冷徹皇太子の溺愛からは逃げられない
「おじいさん、どうしたの⁉」

 ウォルとユアンも娘の声に反応し視線を動かすと、白髪の男性がひとり、地面に座り込んでいる。

「ああ、ライラお嬢さんかい」

 老人は顔を上げて、力なく微笑んだ。娘と老人は顔見知りのようだ。

(ライラというのか……)

 ウォルは初めて娘の名前を知った。

「おじいさん、大丈夫?」

「ああ、何てことないさ。ちょっと腰が痛くなったもんだから休んでたんだよ」

 老人の傍らには、野菜と果物が山盛り入った編みかごが置いてある。

「じゃあ、私が持つわ」
「いや、いいよ。

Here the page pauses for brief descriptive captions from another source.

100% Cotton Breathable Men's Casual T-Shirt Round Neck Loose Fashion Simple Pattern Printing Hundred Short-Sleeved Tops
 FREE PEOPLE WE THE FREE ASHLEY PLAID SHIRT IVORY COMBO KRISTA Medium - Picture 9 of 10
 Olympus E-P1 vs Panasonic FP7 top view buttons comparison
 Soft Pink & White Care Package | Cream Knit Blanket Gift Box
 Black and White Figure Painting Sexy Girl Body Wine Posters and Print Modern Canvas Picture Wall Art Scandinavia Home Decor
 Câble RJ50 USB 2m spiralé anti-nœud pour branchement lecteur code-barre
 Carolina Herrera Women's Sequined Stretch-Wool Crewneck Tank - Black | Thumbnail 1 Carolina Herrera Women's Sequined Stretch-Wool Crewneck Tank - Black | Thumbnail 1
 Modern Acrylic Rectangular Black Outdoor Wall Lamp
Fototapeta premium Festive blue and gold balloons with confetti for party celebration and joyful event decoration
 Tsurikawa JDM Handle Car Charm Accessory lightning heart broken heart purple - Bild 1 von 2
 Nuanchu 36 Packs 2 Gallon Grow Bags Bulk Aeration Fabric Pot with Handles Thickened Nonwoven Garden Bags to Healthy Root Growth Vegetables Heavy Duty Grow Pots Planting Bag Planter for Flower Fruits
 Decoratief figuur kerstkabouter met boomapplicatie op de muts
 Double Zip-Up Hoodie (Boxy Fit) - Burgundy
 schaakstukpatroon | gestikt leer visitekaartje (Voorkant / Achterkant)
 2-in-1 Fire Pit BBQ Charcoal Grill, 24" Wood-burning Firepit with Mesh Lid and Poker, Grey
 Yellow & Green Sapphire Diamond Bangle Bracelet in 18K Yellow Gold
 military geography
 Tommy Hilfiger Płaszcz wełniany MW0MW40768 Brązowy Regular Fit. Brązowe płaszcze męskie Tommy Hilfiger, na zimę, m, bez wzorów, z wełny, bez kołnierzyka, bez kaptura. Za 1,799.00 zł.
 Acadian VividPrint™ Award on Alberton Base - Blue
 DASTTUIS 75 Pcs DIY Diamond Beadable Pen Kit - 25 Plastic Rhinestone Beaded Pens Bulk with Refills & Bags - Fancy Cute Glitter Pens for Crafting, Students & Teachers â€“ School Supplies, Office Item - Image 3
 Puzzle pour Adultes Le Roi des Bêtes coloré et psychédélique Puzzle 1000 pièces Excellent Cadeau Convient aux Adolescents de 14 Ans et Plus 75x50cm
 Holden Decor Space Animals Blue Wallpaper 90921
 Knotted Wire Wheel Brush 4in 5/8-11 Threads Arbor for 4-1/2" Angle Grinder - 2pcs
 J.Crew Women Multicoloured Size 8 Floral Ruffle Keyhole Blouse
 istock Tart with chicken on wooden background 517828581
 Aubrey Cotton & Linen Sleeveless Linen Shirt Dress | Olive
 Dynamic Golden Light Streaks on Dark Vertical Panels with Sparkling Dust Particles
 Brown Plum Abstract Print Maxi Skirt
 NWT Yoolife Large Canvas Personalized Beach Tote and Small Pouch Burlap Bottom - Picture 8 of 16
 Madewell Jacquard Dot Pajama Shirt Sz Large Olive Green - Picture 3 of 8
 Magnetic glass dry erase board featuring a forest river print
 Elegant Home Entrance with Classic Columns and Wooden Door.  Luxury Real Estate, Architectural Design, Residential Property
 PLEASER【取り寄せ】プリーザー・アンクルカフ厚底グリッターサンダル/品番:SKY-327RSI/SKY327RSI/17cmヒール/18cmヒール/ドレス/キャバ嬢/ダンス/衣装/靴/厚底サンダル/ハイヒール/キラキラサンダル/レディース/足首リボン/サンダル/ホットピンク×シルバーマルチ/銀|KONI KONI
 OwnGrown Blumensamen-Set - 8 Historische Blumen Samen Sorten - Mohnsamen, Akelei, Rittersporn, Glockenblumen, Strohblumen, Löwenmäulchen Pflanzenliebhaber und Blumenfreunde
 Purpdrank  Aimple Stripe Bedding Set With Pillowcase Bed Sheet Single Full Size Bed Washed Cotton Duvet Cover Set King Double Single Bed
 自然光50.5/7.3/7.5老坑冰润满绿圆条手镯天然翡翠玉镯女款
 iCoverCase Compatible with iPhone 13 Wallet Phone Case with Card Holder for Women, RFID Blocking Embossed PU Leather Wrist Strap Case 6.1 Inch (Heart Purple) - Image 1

か弱いお嬢さんには無理だよ」
「大丈夫、私、こう見えて体力には自信があるの」

 ライラは笑って見せると、かごに手を掛けた。だが、意外と重くてなかなか腕が持ち上がらない。それでもなんとか数センチ地面から浮かせ、よろよろと歩を進めようとした時、腕が急にフッと軽くなった。

「え……?」

 驚いて横を見ると、ウォルがそのかごを軽々と担いでいる。

「あの……?」

 ライラはウォルの意図がわからず少し首を傾げる。そんな彼女を見下ろして、ウォルは口を開いた。

「何が体力に自信がある、だ。自分の力量も把握していないのに、いい加減なことを言って期待させるな」

「別に期待させるとかそんなつもりじゃ……」

「もたもたしてたら通行の邪魔だ。ついでだから持ってやる。場所はどこだ?」
 
 ライラは少し頬を膨らませて反論しかけたが、ウォルの声に遮られてしまった。それどころか、ウォルの突然の申し出に驚いて瞳を見開いたまま、続ける言葉が出ないようだ。

「ウォル様……! それは私が持ちますので!」

 ウォルからかごを受け取ろうと、ユアンが腕を伸ばす。

「いい。俺が勝手にやっていることだ。お前はその老人に手を貸してやれ」

 ユアンにそう指示し、足を前に出しかけたウォルだったが、すぐにライラの方へ振り返った。

「早く道を教えろ」

「……え、ええ」

 断れないような空気に気圧されてライラは戸惑いがちに頷いたが、ユアンに肩を貸されて立ち上がった老人に行き先を尋ねた。二言ほど言葉を交わした後、ウォルの方を振り返る。

「お家だそうよ。前に行ったことがあるから知ってるわ。おじいさん、もし良かったら私が道案内してもいいかしら?」

 老人が頷くのを見て、ライラはウォルに視線を戻し、道の向こうを指差す。

「しばらくまっすぐよ」

「そうか」

「ありがとう。……あなた、やっぱりいい人みたい」

「ただの気まぐれだ。こんなことくらいで他人を信用して、お前は危なっかしい奴だな」

 ぶっきらぼうに答え、歩き始めたウォルの背中に、ライラは慌ててついていく。けなされたはずなのに、彼の言葉に少しだけ温かみを感じる。ライラの唇は嬉しそうに弧を描いていた。